14 May 2007

Brandywine tomatoes

The Brandywines are growing fast. It's incredible to think that this pair has been in for just eight weeks and the small, firm, green tomatoes are already the size of golf balls, and there are many flowers. If you don't know Brandywine tomatoes, they're an old heirloom variety, supposedly cultivated by the Amish in the 1800s. They have a superb taste, just like those old tomatoes we grew up with, before supermarkets encouraged the growth of tomatoes with cardboard skin and no taste. I am hoping to get about 25 kilos off each of these bushes, enough for a million salads and for some tomato sauce and paste preserved in jars with my trusty old Fowlers Vacola preserving unit.

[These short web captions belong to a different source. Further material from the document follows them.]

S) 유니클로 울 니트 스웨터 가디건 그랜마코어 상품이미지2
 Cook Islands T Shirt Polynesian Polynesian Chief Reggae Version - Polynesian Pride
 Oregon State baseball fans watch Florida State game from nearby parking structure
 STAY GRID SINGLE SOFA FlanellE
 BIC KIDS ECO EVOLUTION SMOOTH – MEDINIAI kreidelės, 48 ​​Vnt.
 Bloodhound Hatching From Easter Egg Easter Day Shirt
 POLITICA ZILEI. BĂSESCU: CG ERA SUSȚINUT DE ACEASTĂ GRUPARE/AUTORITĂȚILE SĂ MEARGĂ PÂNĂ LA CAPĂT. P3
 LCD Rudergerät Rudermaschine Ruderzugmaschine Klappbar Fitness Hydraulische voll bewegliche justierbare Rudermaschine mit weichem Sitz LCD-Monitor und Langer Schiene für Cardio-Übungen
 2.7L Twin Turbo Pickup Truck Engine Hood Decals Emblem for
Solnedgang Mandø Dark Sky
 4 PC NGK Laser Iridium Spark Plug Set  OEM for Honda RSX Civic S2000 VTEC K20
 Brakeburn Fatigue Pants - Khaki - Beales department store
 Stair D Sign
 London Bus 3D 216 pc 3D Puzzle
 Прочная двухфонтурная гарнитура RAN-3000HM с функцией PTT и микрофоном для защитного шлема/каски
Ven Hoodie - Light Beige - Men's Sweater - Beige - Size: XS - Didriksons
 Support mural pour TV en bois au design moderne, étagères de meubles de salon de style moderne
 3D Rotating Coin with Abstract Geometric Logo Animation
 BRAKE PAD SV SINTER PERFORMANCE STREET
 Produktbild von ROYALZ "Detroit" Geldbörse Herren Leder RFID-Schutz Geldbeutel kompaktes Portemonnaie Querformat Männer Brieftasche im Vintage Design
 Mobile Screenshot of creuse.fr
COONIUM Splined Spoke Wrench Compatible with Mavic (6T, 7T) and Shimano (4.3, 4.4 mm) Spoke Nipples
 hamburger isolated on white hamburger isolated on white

Over in the earth garden we have crops of lettuce, silverbeet, cucumbers, spinach, turnips, carrots, potatoes, beans, peppers, radishes, onions, garlic, kale, peas and green beans. We've been growing vegetables for about 25 years but in the past few years we've relied on our backyard produce to keep us healthy and alive. It's a totally organic garden which is a real pleasure to work in, and when I'm gathering vegetables and fruit in the late afternoon, there isn't another place on earth I'd rather be.


That gate at the back leads to the chook house. I'll tell you about my girls one day soon.